The shocking finding was announced by US firm Hold Security, which specializes in discovering breaches. But cyber security experts have expressed doubts over the company’s claim – there hasn’t been very much data released and what we know so far lacks too many details. According to the report, a Russian gang, called CyberVor, hacked over 4.5 billion user credentials, including 1.2 billion usernames and passwords. They are said to have stolen the information from more than 420,000 websites and email accounts. And if this is just unpleasant news for most users, companies should be concerned.

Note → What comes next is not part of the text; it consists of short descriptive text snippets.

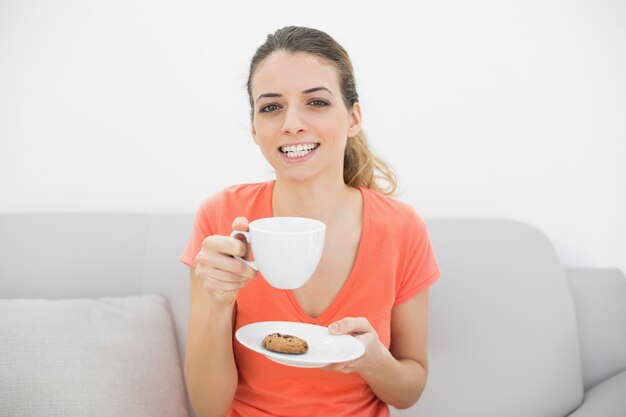 Atrakcyjna brunetki kobieta trzyma filiżankę ono uśmiecha się radośnie przy kamerą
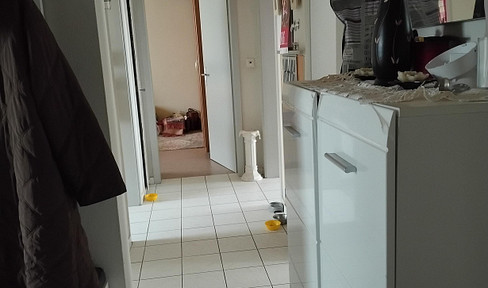 Beautiful 4-room apartment with garden, balcony, and parking space.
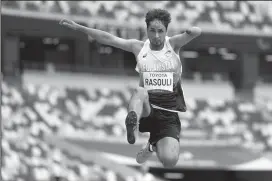  ?? ADAM PRETTY/GETTY IMAGES ?? Hossain Rasouli of Team Afghanista­n competes in the Men's Long Jump - T47 Final during the Paralympic Games on Aug. 31 in Tokyo.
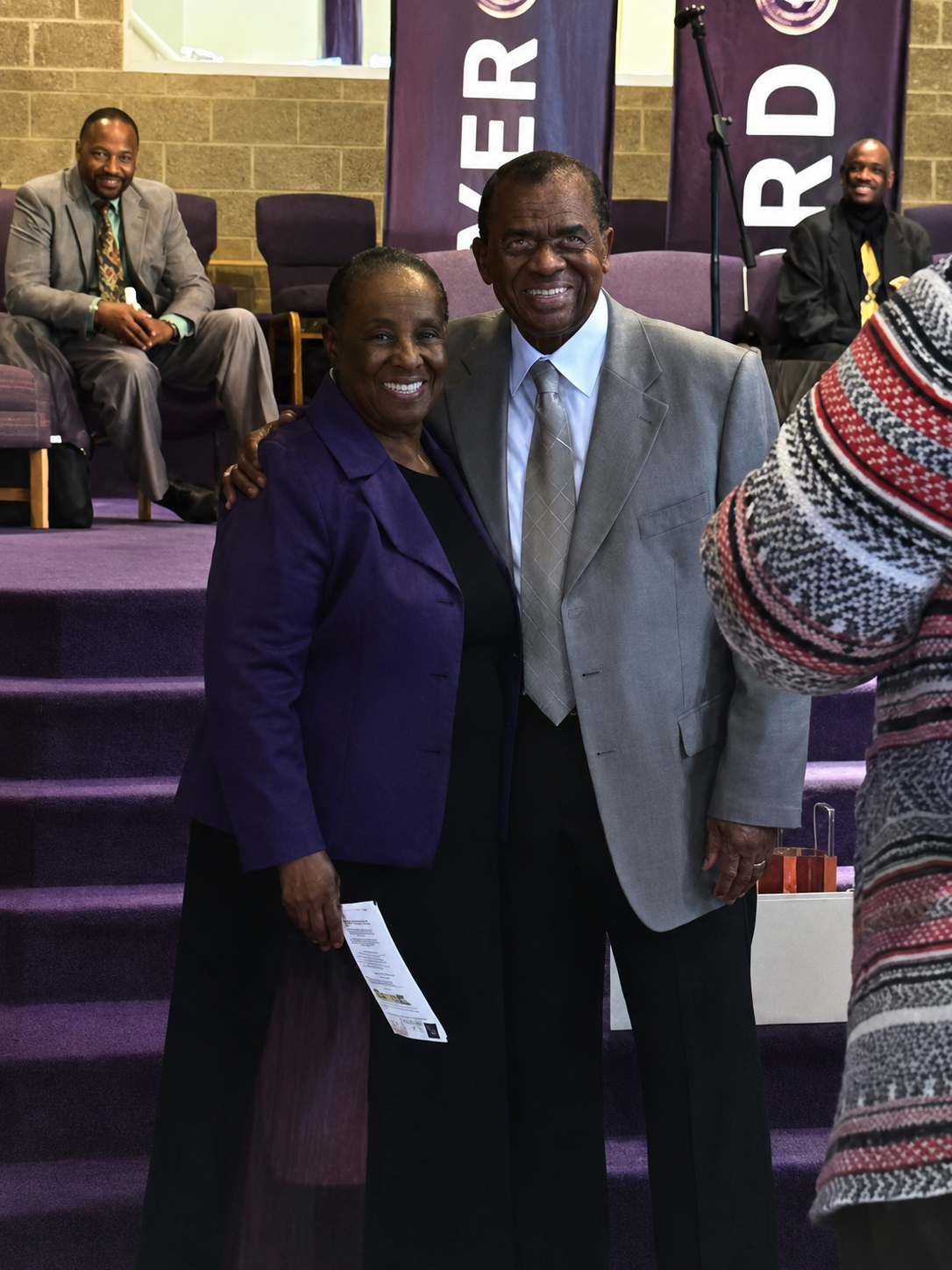 Couple posing together on a purple-carpeted stage, smiling; woman wearing a purple blazer and black dress, man in a gray suit and tie, with banners in the background to the stage left and right.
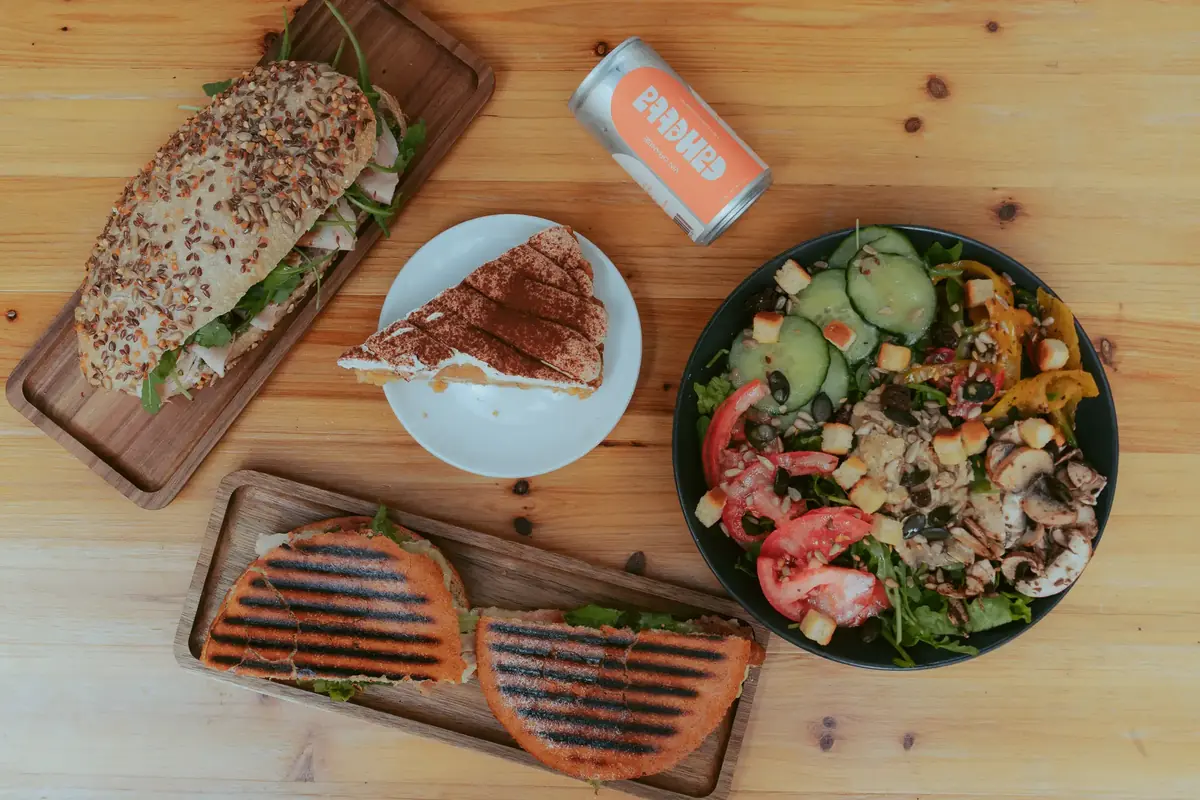 Sandwichs, salade composée et part de gâteau de Breadstorming sur une table en bois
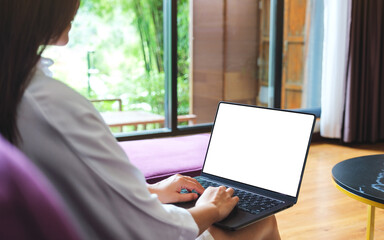 Mockup image of a woman using and typing on computer laptop with blank desktop screen at home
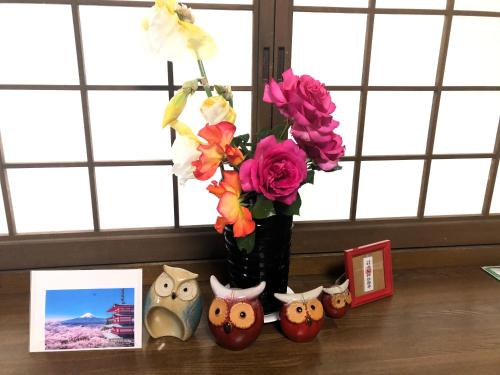 a vase with flowers in it on a table with pictures at フクロウの御宿 春日居館 in Isawa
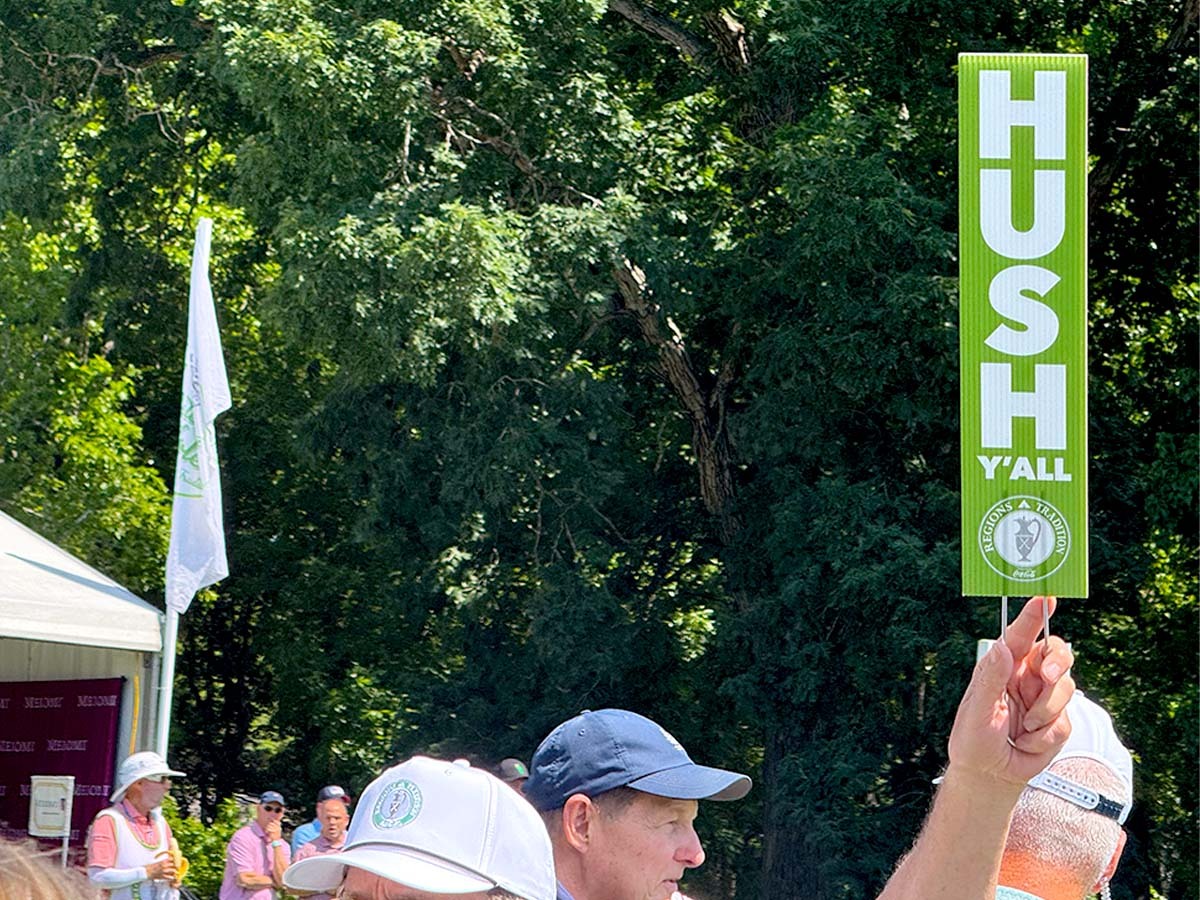 A view of the tops of peoples heads in a crowd as a man holds up a sign that says, "Hush Y'all."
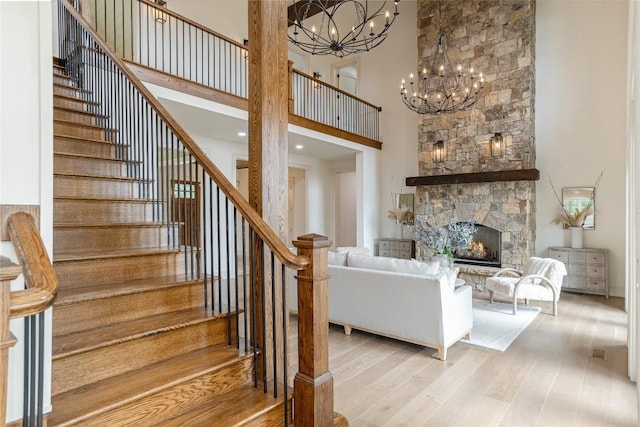 343 Ledgeview Rd, Cashiers, NC 28717 - living area featuring a high ceiling, stairway, wood finished floors, a chandelier, and a fireplace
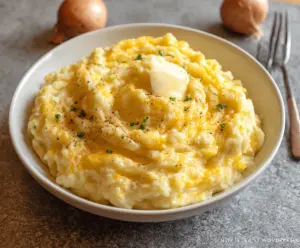 Creamy cheddar garlic mashed potatoes served as a delicious side dish.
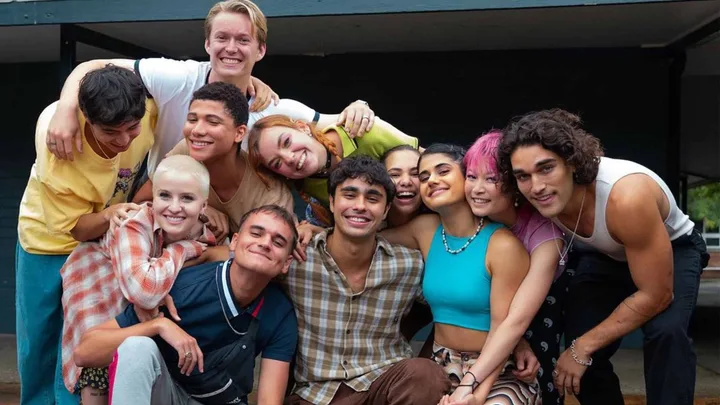 Group of diverse young adults smiling and hugging in a casual outdoor setting.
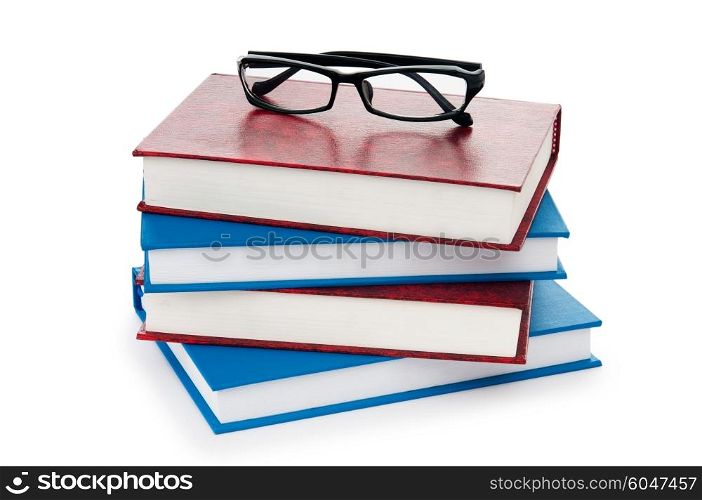 Reading glasses with books isolated on the white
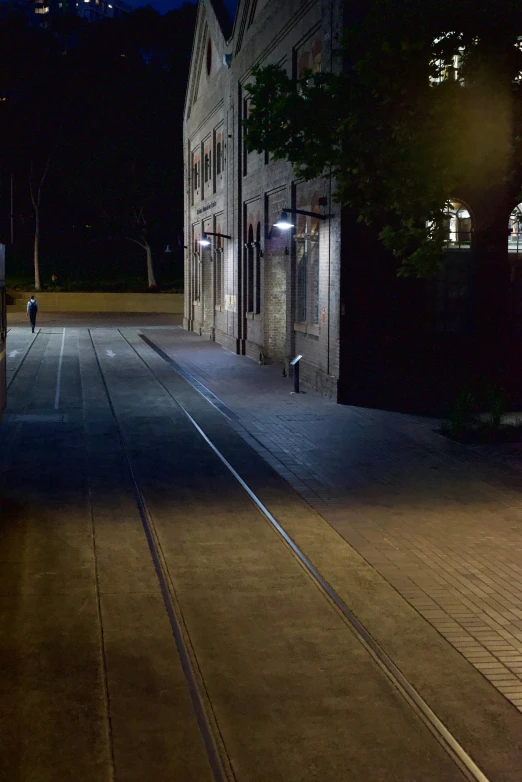 a city street with a train track at night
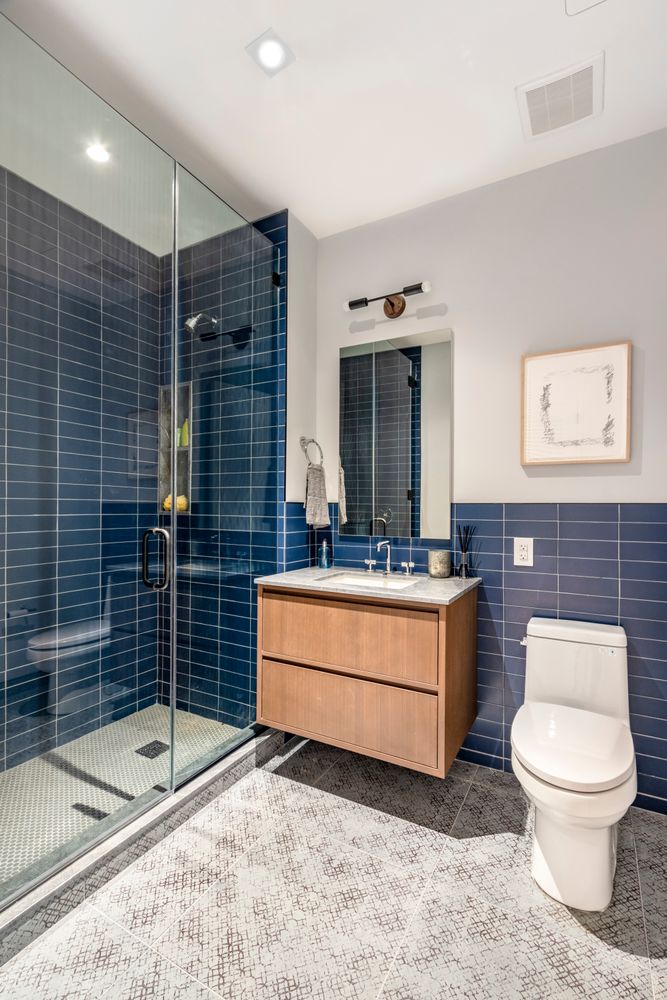 106 Franklin Street, Unit 2 Manhattan, NY 10013 - Photo 10 of 16 a bathroom with a toilet a sink and mirror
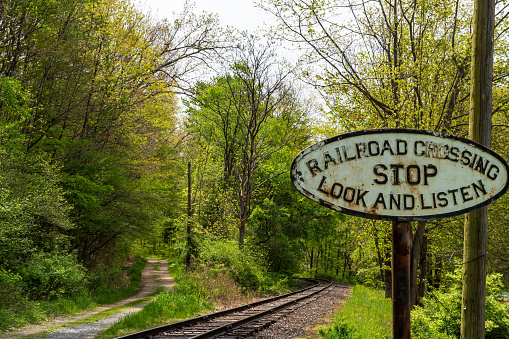 A railroad crossing sign next to tracks in the woods in Titusville, Pennsylvania, USA on a sunny spring day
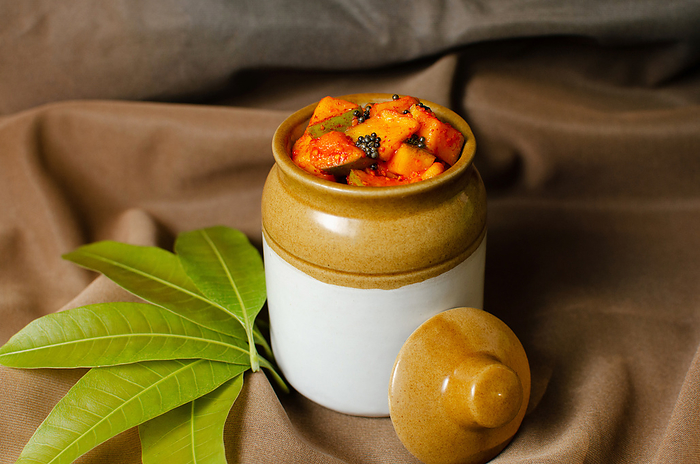 Homemade raw mango pickle in a traditional ceramic jar on Brown background Homemade raw mango pickle in a traditional ceramic jar on Brown background, by Zoonar RealityImages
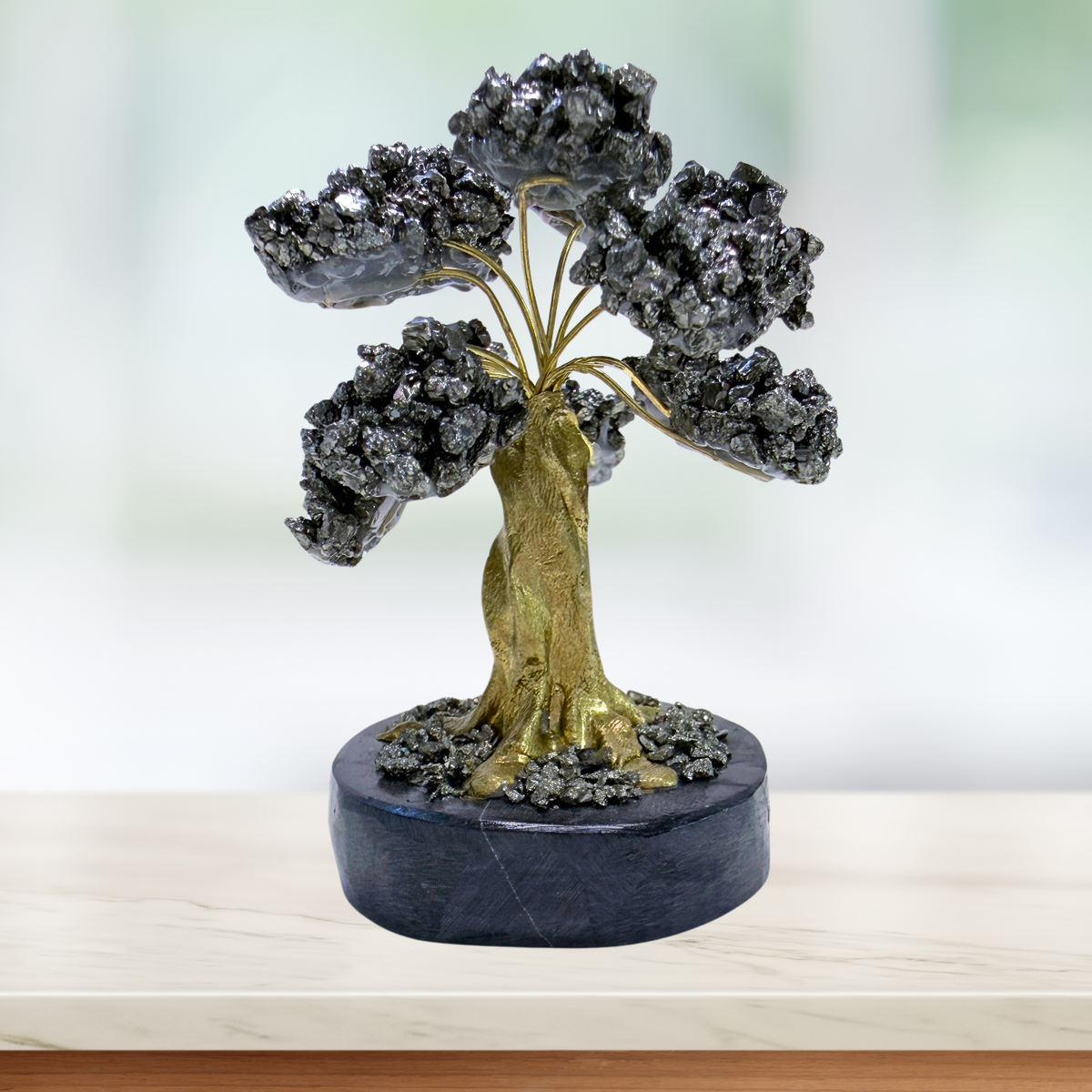 Pyrite Tree on a Black Onyx Base in a windowsill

However, the report also claims that the affected companies have been notified of the security breach. Usually, in that case, firms go public, urging their users and customers to change their passwords. The interesting thing is that now, no major company has expressed concern about being hacked. Experts say that it may be just too soon for firms to announce being compromised. The other alternative is quite simple – the claim isn’t true. After all, Hold Security is a small company that needs attention. It offers its clients a commercial “breach notification” service – you can see if you had been hacked, but only after you pay a fee.
So, there is no need to panic, at least not yet, over the massive password theft. Security specialists recommend to those who suspect their emails or other accounts have been compromised to change their passwords. There are several things to do to avoid hacking, but the best alternative is simply to fortify your password.
Use long passwords. The minimum is usually 8 characters, but you should use at least 14-15. Try to make it as longer as possible. Of course, a combination of letters and numbers is the best, but make guessing the password even harder by using upper and lower case symbols. Avoid existing words, even when you add numbers and symbols – for instance, “hutrmpght459rmxus” is much stronger than “password123”. A nice trick is to add numbers in the middle of words, as in “pass123wor456d789” or to replace letters with symbols and numbers. For example, the number zero can be used instead of the letter O, while for S, you can try the dollar sign.
Experts also say we shouldn’t use easy-to-guess words and expressions such as “password”, your name, or “qwerty123456”. Passwords like “god”, “admin”, “abc123”, “iloveyou”, “trustno1” are also among the most common, or in other words, they are extremely easy to guess, even without a specialized software.